Supported Python Versions

DupliPy supports the following Python versions:

  • Python 3.6
  • Python 3.7
  • Python 3.8
  • Python 3.9
  • Python 3.10
  • Python 3.11
  • Python 3.12 or later

Please ensure that you have one of these Python versions installed before using DupliPy. DupliPy may not work as expected on lower versions of Python than the supported.

Features

  • Text Formatting: Remove special characters, standardize text formatting.
  • Text Replication: Generate replicated instances of text for data augmentation.
  • Sentiment Analysis: Find impressions within sentences.
  • Similarity Calculation: Calculate text and image similarity using various metrics.
  • BLEU Score Calculation: Calculate how well your text-based NLP model performs.
  • Named Entity Recognition: Identify and categorize key information in text.
  • Image Augmentation Tasks.
  • Profanity removal, hate speech removal, offensive speech removal, and sensitive information removal.

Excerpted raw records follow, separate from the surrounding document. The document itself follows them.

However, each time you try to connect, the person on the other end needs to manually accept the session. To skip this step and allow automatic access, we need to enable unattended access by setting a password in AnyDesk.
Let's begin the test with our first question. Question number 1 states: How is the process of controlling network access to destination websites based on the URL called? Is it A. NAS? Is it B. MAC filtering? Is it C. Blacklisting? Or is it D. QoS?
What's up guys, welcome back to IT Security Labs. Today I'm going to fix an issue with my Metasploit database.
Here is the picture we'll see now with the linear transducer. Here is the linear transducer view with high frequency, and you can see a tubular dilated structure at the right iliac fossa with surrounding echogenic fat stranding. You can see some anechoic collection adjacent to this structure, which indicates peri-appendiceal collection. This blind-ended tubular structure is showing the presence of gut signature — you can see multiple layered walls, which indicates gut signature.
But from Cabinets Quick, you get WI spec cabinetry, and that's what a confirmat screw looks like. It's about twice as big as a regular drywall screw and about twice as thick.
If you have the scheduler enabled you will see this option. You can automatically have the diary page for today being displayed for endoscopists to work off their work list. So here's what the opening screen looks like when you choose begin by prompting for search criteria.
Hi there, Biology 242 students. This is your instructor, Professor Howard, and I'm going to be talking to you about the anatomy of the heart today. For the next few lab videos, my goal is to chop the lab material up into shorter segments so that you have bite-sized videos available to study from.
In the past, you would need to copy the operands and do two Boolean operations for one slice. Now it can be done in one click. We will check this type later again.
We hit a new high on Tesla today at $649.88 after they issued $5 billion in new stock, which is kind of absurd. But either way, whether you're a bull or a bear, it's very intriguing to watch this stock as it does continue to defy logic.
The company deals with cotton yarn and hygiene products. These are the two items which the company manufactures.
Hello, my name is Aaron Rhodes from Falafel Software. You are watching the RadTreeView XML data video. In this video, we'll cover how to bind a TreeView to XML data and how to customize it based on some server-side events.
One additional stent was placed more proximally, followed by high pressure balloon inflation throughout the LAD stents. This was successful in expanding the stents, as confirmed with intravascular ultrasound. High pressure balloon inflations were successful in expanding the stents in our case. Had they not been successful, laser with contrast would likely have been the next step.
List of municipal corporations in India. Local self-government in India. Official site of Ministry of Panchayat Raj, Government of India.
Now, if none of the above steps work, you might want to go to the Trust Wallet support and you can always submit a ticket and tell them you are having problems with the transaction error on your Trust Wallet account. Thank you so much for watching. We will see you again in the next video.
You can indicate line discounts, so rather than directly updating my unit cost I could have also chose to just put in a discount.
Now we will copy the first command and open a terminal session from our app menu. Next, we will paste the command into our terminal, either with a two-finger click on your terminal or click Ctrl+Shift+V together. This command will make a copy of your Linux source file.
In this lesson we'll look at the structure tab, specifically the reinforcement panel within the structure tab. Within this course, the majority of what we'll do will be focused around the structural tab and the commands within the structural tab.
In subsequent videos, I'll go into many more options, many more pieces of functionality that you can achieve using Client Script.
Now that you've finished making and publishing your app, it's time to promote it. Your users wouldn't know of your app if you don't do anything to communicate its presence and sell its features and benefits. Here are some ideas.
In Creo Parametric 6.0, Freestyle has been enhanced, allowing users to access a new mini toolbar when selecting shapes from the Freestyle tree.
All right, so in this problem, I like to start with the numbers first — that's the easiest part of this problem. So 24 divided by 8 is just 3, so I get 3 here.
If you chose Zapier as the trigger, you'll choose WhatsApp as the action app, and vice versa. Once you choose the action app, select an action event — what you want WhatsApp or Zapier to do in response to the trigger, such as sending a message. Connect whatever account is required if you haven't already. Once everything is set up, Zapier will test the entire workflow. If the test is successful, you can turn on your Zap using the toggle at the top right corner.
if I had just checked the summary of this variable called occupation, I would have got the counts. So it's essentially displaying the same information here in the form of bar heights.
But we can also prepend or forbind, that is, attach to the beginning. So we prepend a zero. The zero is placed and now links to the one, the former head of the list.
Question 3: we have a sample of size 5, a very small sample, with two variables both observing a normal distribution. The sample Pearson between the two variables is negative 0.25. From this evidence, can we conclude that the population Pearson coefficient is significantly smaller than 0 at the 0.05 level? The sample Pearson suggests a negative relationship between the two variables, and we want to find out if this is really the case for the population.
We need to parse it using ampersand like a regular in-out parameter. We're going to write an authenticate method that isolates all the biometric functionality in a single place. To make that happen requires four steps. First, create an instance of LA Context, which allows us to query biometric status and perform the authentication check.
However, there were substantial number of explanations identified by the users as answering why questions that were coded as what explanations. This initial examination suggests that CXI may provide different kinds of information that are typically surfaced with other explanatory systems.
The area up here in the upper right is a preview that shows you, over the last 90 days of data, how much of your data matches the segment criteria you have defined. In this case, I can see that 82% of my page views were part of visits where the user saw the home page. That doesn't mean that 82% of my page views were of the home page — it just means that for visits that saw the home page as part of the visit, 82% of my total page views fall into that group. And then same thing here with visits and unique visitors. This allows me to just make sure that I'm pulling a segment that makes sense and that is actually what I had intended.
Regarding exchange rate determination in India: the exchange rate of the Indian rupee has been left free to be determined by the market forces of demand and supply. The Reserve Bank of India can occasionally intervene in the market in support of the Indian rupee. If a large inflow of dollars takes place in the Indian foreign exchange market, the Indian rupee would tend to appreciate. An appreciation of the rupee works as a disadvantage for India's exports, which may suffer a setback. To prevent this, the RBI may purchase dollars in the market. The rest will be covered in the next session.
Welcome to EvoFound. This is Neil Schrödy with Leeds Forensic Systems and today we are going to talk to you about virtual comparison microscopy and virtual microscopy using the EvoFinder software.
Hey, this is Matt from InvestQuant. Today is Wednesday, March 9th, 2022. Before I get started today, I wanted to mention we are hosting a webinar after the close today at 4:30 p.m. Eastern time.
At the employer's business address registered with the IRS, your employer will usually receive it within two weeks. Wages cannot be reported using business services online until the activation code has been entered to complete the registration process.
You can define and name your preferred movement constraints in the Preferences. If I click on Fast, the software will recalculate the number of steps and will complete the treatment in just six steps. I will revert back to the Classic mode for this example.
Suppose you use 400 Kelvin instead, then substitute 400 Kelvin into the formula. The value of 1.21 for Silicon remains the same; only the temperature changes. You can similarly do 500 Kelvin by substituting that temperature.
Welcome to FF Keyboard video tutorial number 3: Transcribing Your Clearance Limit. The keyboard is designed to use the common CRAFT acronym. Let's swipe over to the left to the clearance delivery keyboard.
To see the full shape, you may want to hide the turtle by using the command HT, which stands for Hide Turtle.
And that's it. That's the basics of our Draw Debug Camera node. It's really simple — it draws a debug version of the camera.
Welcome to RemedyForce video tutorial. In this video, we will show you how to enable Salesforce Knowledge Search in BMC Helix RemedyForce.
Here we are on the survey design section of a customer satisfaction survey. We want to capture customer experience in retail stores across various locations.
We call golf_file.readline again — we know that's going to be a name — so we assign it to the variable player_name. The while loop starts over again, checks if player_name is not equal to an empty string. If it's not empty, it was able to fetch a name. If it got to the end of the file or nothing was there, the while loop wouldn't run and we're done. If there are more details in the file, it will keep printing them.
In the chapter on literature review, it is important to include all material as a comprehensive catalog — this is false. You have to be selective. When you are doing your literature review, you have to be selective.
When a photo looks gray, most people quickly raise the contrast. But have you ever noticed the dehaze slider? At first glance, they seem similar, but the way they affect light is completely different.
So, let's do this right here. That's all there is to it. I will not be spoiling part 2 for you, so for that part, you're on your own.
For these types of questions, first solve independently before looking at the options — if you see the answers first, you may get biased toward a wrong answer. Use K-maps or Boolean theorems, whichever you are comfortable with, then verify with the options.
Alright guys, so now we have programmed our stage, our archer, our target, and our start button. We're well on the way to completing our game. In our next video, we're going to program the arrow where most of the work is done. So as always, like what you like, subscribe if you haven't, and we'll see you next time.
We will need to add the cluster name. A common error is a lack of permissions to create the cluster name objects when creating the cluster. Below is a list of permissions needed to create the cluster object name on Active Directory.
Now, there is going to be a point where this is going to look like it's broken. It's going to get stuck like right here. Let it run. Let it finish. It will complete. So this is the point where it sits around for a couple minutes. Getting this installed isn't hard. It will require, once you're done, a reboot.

For full reference documentation view DupliPy's official documentation.

Usage

Text Formatting

from duplipy.formatting import remove_special_characters, standardize_text

text = "Hello! This is some text."

# Remove special characters
formatted_text = remove_special_characters(text)
print(formatted_text)  # Output: Hello This is some text

# Standardize text formatting
standardized_text = standardize_text(text)
print(standardized_text)  # Output: hello! this is some text

Text Replication

from duplipy.replication import replace_word_with_synonym, augment_text_with_synonyms, swap_random_words, random_word_deletion

text = "Hello! This is some text."

# Replace words with synonyms
augmented_text = augment_text_with_synonyms(text, augmentation_factor=3, probability=0.5)
print(augmented_text)

# Swap random words
swapped_text = swap_random_words(text)
print(swapped_text)

# Delete random words
deleted_text = random_word_deletion(text, num_deletions=1)
print(deleted_text)

Sentiment Analysis

from duplipy.text_analysis import analyze_sentiment

text = "I love this product! It's amazing!"

# Analyze sentiment
sentiment = analyze_sentiment(text)
print(sentiment)  # Output: Positive

Similarity Calculation

from duplipy.similarity import edit_distance_score, sorensen_dice_coefficient, cosine_similarity_score

text1 = "Hello! How are you?"
text2 = "Hi! How are you doing?"

# Calculate edit distance
edit_distance = edit_distance_score(text1, text2)
print(edit_distance)  # Output: 4

# Calculate Sorensen-Dice coefficient
dice_coefficient = sorensen_dice_coefficient(text1, text2)
print(dice_coefficient)

# Calculate cosine similarity
cosine_sim = cosine_similarity_score(text1, text2)
print(cosine_sim)

BLEU Score Calculation

from duplipy.similarity import bleu_score

text1 = "Hello! How are you?"
text2 = "Hi! How are you doing?"

# Calculate cosine similarity
bleu_value = bleu_score(text1, text2)
print(bleu_value)  # Output: 0.434

Image Augmentation

from PIL import Image
from duplipy.replication import flip_horizontal, flip_vertical, rotate, random_rotation, resize, crop, random_crop

# Load an image for testing
image_path = "path/to/image.jpg"
image = Image.open(image_path)

# Flip the image horizontally
flipped_horizontal_image = flip_horizontal(image)

# Flip the image vertically
flipped_vertical_image = flip_vertical(image)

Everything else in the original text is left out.